Judges disagree on whether these decisions represent a shift away from plaintiffs, or simply underscore longstanding rules. The majority in the Barclays case said it was upholding a “longstanding principle,” while the dissent said “Marty McFly would be impressed” with the majority’s move to take the present back to the past.

A dissenting judge in the YPF decision suggested the circuit was breaking with a tradition of showing deference toward lower court findings on issues of foreign law.

Both sides in these cases agree something’s happening here. Sullivan & Cromwell’s Bob Giuffra, who represented Argentina and Volkswagen, said in an interview that the rulings show New York courts will not be “the Shangri-La for litigation of claims by shareholders against foreign corporations and sovereigns.”
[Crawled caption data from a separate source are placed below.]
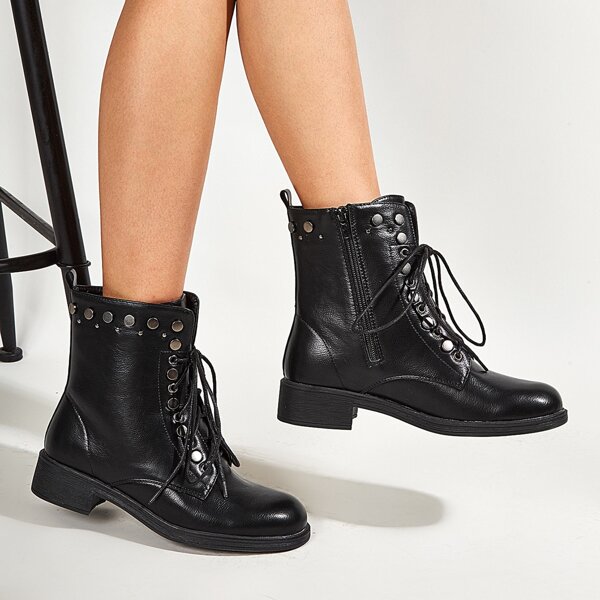 

Studded Decor Combat Boots, Black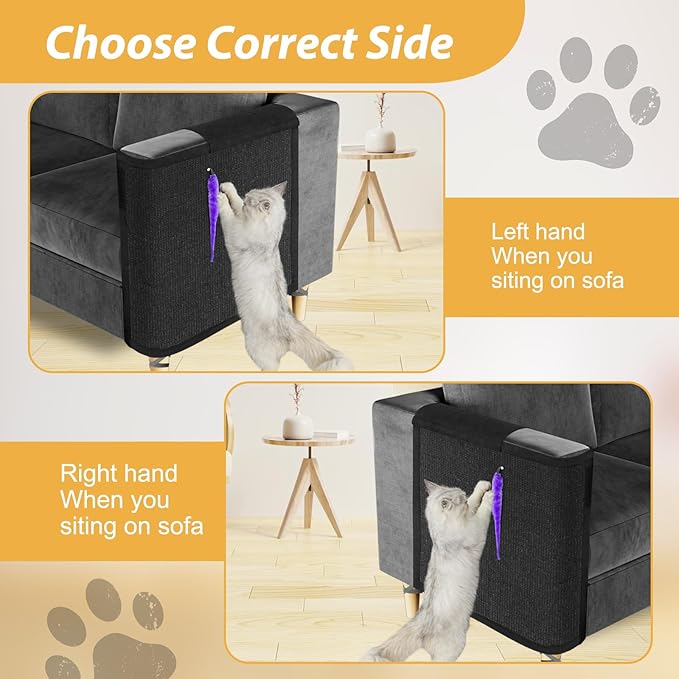 Cat Scratch Couch Protector,Cat Scratch Sofa Armest Cover with Sisal Mat and a Toy for Small Animals Indoor use 23.6’’L*19.7’’W (Black/Right Hand)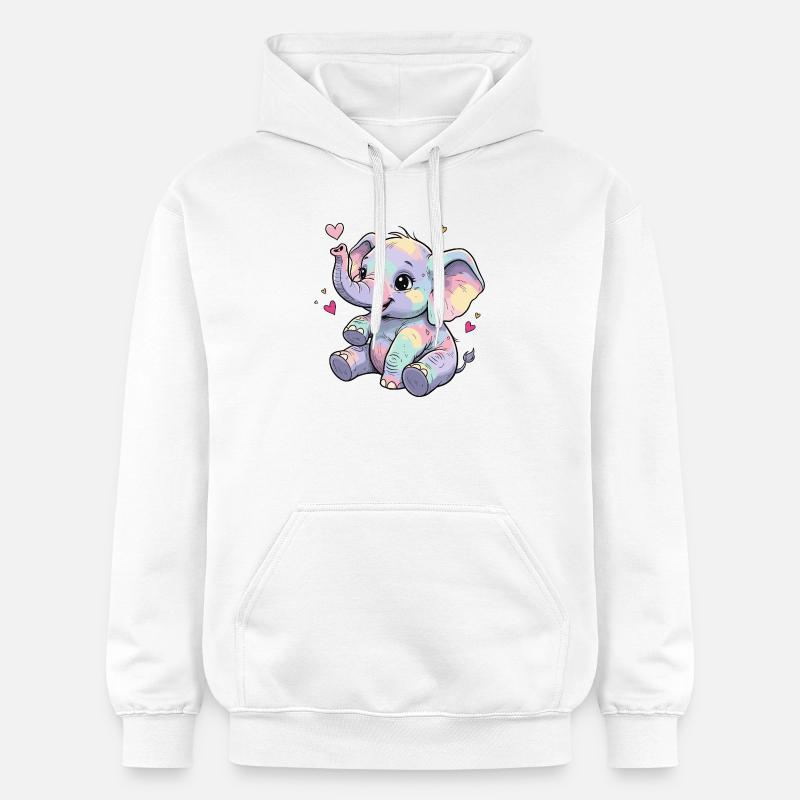 Cœur câlin d’éléphant pastel - Sweat à capuche Softstyle® Gildan Unisexe - blanc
Michael Fragoso, a lawyer for the plaintiffs who sued YPF, said “investors should be terrified” by the Second Circuit’s ruling.
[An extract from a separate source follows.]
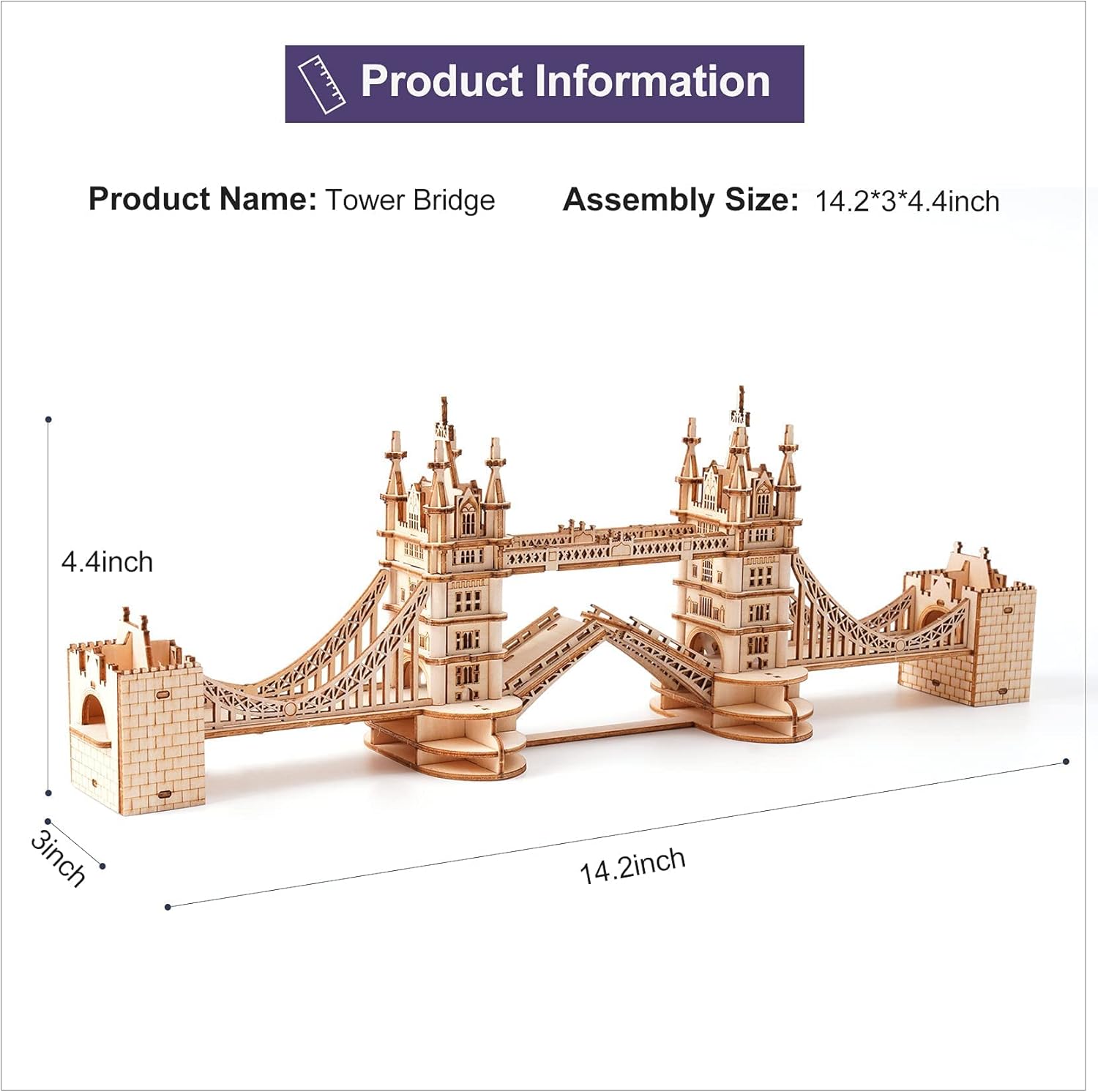 3D Wooden Puzzle Tower Bridge Model Kit – DIY Building Set with LED Light (Creative Gift Idea)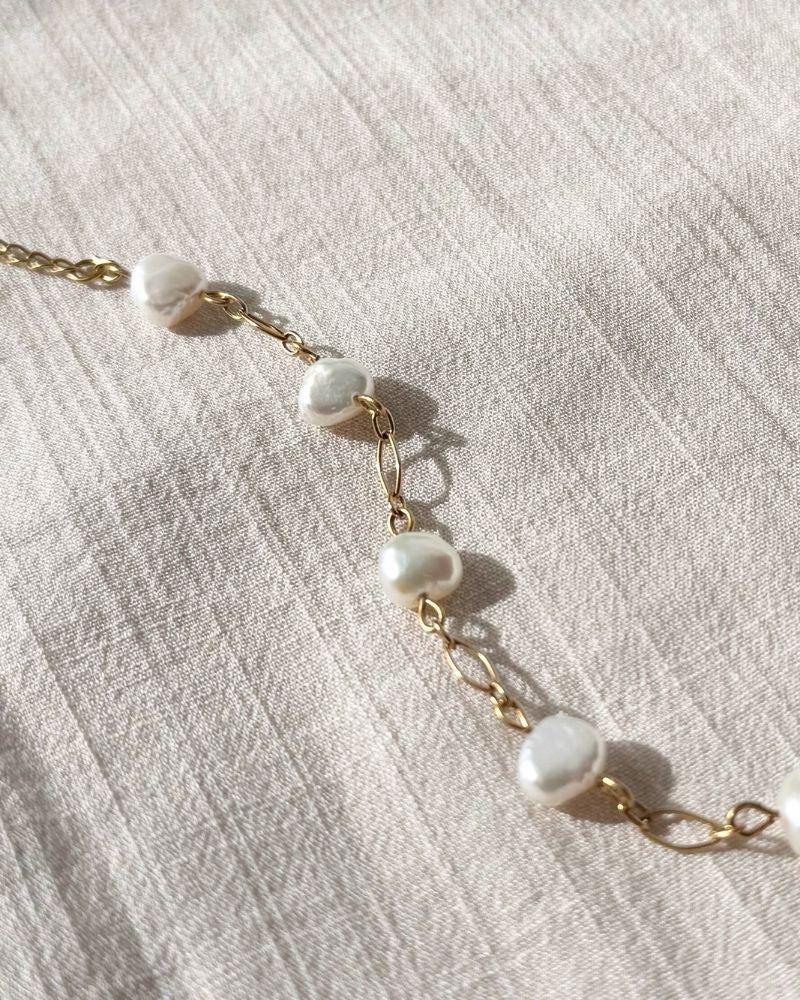 zoetwater parel armband goud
A major test of New York’s willingness to rule against foreign companies is still to come. A trial court recently allowed Sudanese refugees to sue French bank BNP Paribas for allegedly aiding human rights abuses, applying Swiss law even after the Swiss ambassador to the US said the trial challenged Swiss sovereignty.

The $21 million verdict for the plaintiffs is now on appeal at the Second Circuit. What happened in the YPF case is “what BNP wants to happen here,” said Kathryn Lee Boyd, an attorney for the Sudanese plaintiffs. “God forbid, as they say, but that’s the litigation game.”